→ **Problem description**
Work out how many lines below hold the string "Royalty" and state only that figure.

[Dataset entries]
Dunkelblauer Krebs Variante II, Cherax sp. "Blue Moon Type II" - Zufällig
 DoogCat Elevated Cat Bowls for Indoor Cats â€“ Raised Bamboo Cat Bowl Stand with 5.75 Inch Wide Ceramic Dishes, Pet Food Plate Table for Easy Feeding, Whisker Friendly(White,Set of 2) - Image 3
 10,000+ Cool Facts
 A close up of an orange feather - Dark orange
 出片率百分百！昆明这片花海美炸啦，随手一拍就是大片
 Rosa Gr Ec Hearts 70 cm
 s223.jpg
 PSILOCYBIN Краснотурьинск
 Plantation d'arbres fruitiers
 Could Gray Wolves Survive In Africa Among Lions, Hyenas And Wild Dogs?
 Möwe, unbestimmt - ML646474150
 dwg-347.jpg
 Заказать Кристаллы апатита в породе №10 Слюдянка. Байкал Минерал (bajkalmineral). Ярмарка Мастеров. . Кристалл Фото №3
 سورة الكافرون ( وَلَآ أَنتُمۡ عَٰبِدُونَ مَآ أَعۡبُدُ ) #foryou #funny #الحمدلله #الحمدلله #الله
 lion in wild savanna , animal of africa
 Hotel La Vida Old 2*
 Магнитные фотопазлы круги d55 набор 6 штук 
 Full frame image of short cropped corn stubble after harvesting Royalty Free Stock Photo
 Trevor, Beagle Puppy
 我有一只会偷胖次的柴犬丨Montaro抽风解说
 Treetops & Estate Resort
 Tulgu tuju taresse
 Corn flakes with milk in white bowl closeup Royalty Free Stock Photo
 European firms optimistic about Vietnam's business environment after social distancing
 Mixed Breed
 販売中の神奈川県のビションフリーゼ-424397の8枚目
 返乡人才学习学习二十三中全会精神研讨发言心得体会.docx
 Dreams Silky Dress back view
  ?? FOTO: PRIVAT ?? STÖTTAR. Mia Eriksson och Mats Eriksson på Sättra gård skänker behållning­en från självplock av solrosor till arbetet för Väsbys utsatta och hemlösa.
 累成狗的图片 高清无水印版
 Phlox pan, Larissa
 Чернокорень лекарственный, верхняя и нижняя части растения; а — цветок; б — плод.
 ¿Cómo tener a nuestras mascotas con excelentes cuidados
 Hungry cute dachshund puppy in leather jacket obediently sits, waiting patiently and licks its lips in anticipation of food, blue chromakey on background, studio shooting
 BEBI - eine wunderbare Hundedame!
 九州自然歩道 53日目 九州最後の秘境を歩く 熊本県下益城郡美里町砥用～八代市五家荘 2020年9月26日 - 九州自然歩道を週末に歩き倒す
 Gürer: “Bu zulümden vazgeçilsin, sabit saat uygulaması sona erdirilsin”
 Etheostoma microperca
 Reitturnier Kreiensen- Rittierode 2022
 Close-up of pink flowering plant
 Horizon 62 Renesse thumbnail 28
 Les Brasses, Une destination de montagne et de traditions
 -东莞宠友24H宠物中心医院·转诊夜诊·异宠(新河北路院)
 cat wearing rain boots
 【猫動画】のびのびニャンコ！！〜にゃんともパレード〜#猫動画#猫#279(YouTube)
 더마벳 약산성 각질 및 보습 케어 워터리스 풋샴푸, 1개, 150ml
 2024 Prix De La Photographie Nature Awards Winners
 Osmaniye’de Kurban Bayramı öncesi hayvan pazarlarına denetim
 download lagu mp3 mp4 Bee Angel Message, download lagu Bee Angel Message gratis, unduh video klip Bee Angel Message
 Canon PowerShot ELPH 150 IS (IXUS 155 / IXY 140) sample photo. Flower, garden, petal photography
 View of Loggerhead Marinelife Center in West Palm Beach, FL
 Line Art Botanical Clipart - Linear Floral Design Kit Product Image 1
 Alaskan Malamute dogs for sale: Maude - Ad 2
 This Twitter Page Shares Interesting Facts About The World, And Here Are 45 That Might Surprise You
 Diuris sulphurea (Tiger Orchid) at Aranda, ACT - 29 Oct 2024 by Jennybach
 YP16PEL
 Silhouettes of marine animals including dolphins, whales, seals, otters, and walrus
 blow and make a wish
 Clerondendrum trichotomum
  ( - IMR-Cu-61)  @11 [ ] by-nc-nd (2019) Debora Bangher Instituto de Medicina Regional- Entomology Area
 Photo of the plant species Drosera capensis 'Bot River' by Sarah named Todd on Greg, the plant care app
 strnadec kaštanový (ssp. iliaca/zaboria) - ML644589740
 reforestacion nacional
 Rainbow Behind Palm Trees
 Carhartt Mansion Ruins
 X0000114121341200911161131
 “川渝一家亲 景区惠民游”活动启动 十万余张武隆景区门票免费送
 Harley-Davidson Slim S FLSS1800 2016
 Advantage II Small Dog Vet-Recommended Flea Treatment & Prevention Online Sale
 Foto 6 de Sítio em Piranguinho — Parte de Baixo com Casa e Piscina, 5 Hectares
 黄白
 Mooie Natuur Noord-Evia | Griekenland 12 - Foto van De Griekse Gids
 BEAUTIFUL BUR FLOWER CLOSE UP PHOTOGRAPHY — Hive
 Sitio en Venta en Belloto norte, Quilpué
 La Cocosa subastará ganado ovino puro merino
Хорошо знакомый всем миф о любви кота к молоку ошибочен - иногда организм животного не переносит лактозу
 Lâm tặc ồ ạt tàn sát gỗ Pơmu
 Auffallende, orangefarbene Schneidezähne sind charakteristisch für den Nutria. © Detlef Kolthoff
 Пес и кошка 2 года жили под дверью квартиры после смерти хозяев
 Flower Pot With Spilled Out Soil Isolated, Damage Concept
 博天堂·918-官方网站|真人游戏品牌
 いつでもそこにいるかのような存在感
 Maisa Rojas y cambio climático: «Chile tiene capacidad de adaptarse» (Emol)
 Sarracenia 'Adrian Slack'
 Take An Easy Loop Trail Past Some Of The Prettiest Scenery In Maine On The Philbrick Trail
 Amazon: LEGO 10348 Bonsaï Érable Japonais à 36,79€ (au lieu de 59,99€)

→ **Response to the exercise**
2